Before chatting about emerging markets, in this morning’s market commentary we are aware that there were two sentences repeated in the 2nd paragraph. I hope that this doesn’t spoil your enjoyment. If you would like to read a clean version go to the web site (www.DWCifa.com), click on “News” in the left hand menu, then “Our news” in the right hand menu – you will see all of the monthly commentaries.
I was fortunate to have the opportunity to meet with Dr Mark Mobius last week; fortunate because he is one of the most (if not the most) respected fund managers in the world. These are some of his thoughts, and one or two of ours.
Mark is the manager of the oldest emerging market fund (Templeton Emerging Markets) since 1989, and was once called “the Indiana Jones” of the investment world, as he seeks out investment opportunities in the farthest-flung corners of the globe. He has witnessed at first hand some remarkable changes (e.g. the fall of the Berlin Wall, the emergence of new economic powerhouses in China and India), and successfully and consistently exploited these for the benefit of his investors.
He is based in Singapore (he can hardly call it home as he spends so little time there), and was in London with his expanding team (which now manages $30bn), in particular those covering emerging Europe, India, and China.
He feels a little uncomfortable right now, and is in something of a dilemma. He is happiest when markets are down, much like ourselves, as opportunities abound, but many emerging market stocks are at an all time high, and normally that would have Mark running for cash. Yet he believes that many of these stocks are still cheap when the growth potential is taken into account, and are rated somewhat more cheaply than developed economies that have perhaps only one half the growth potential. So if there is going to be more widespread stockmarket turbulence as the world adjusts to the likelihood of an economic slowdown in the US, he is happy to sit through this period fully invested, confident at a profitable outcome.
Of all the emerging markets their favourite is Turkey, which they believe is under-valued and mis-understood, and they will be strong buyers on any weakness ahead of elections next year. The opening of a Harvey Nichols in Istanbul was testimony to the pulling power of Turkish consumers.

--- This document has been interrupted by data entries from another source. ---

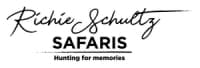 Richie Schultz Safaris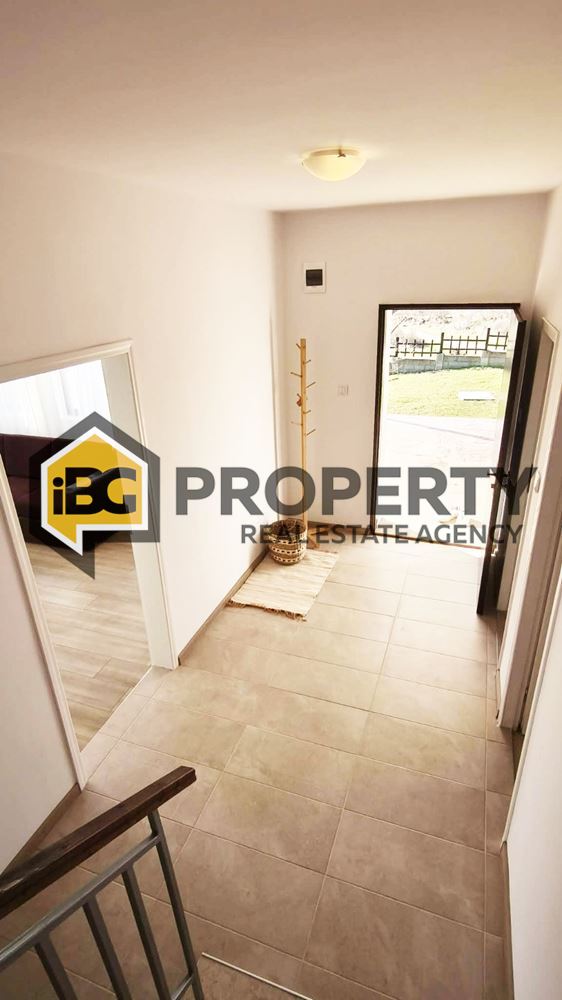 Дом в Албене, Болгария, 122 м² - фото 4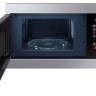 Микроволновая печь Samsung MG22M8074AT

This is not a recommendation to go and buy a Turkey-only fund! Usually we will not recommend single country funds. In the first quarter of this year we encountered many clients wishing to buy India-only funds. We convinced most clients that it would make more sense to buy a more broadly-spread emerging market fund, particularly as we were aware that most emerging market fund managers were sharply reducing their exposure to a very toppy looking Indian stockmarket. Having said that, their Indian specialist remains very optimistic about the long term potential.
He likes Russia, which is awash with cash. Their stockmarket is dominated by oil and gas stocks, so they find other routes to benefit from a buoyant Russian economy, such as the Swedish cosmetics company Oriflame, which sells heavily into Russia.

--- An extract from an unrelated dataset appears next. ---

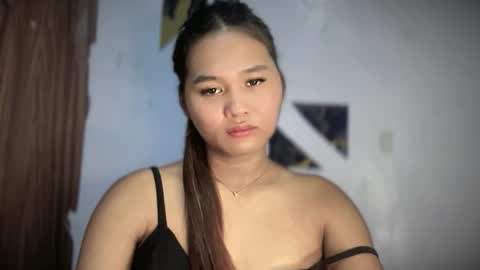 yoursweetgirl_zia online show from 05.16.26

In any emerging market there is always a fear of political turmoil or Governments suddenly swinging sharply to the left of the political spectrum, such as Venezuela recently. With China and Russia having relatively recently emerged from their Communist past, sudden backward steps can be a pre-occupation. Yet Mark believes that of all the emerging markets China is politically the most robust, with little choice but to continue to carve out their version of capitalism and democracy.
Oil consumption per head is one of my favourite indicators of an emerging market, and may highlight those that have lots of upside potential. Oil consumption per head per annum is about 15 barrels in Japan, and 17 barrels in Korea. A country with consumption of just under 3 barrels per head must have huge potential – that country is China.

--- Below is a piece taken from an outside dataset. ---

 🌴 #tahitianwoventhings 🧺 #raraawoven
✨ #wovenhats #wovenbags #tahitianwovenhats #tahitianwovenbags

Mark noted the turnaround in South Africa with a fascinating anecdote. He was visiting the President of South Africa (Thabo Mbeki) and on reaching his official residence, they found the guard was asleep. They drove past quietly (not wishing to disturb the guard) and let themselves in to be warmly welcomed by the President, who was quite relaxed about this chain of events. Perhaps a lesson for the more trigger happy Russians.
It is frequently said that emerging markets are high risk and very volatile, and as a long time monthly investor into this Templeton fund I can certainly confirm that there have been many “interesting times”. Yet Mark points out that emerging markets in aggregate are no more volatile than the US stockmarket. Moreover, research from HSBC this week argues strongly that it is not emerging markets that are most exposed to a US slowdown. This was not the case in the past, but they are now considerably more financially strong, and if they now hide any surprises they are likely to be positive ones.
Emerging markets remain a fascinating area in which to have some exposure, providing that you are comfortable with the higher risks and volatility. It is a superb choice for monthly investments, particularly for children and grandchildren, and could capture their imagination as time goes on, in a way that stamp collecting no longer can!